遗民外史《虎口余生》围绕明末李自成起义结构剧情,作者叙述创作意图道:“拂试前朝污简,煎磨异代贞忠。秦关晋岭构兵锋,慷慨捐生堪痛。 多少衣冠殉难,一时奸慝逢凶。只余粉墨画遗踪,好付梨园传诵。”(第一出《家门》【西江月】)剧作把李自成当做祸乱国家的凶顽,“斥奸批凶”的政治态度鲜明。

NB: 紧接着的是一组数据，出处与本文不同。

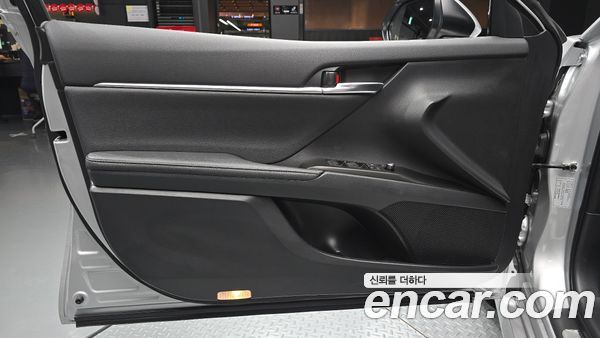 Toyota Camry 2024, фото 14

傅玉书《鸳鸯镜》以杨涟、左光斗儿女婚姻的悲欢离合为主线,以东林党人反对魏忠贤阉党为暗线,反映明末黑暗政治。剧中反对魏忠贤的杨涟、左光斗、魏大中、周景文四位忠直之臣的儿女后来缔结婚姻,四家成为亲家,阉佞魏忠贤则被斩。剧作的忠奸斗争叙事模式非常明显。
石琰《酒家佣》演东汉李固、李燮父子等忠臣与奸臣梁冀之间的尖锐斗争,也是忠奸斗争剧,宣传忠义的政治教化目的鲜明。
石子斐《正昭阳》演宋仁宗特殊身世,剧作写刘皇后诬陷谋杀宸妃,乃至阴谋刺仁宗等,剧作极写刘皇后等人的阴毒,用奸邪之人陷害无辜与忠良的方式表现宫廷生活。